**Task statement**.
Reprint the whole of the data exactly.

===== Input data =====

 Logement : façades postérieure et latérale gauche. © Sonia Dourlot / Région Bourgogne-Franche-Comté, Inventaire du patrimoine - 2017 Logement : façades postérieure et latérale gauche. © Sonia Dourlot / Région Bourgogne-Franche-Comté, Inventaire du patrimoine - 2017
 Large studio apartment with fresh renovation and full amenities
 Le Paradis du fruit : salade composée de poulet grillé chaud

=====

**Result of this exercise**.
 Logement : façades postérieure et latérale gauche. © Sonia Dourlot / Région Bourgogne-Franche-Comté, Inventaire du patrimoine - 2017 Logement : façades postérieure et latérale gauche. © Sonia Dourlot / Région Bourgogne-Franche-Comté, Inventaire du patrimoine - 2017
 Large studio apartment with fresh renovation and full amenities
 Le Paradis du fruit : salade composée de poulet grillé chaud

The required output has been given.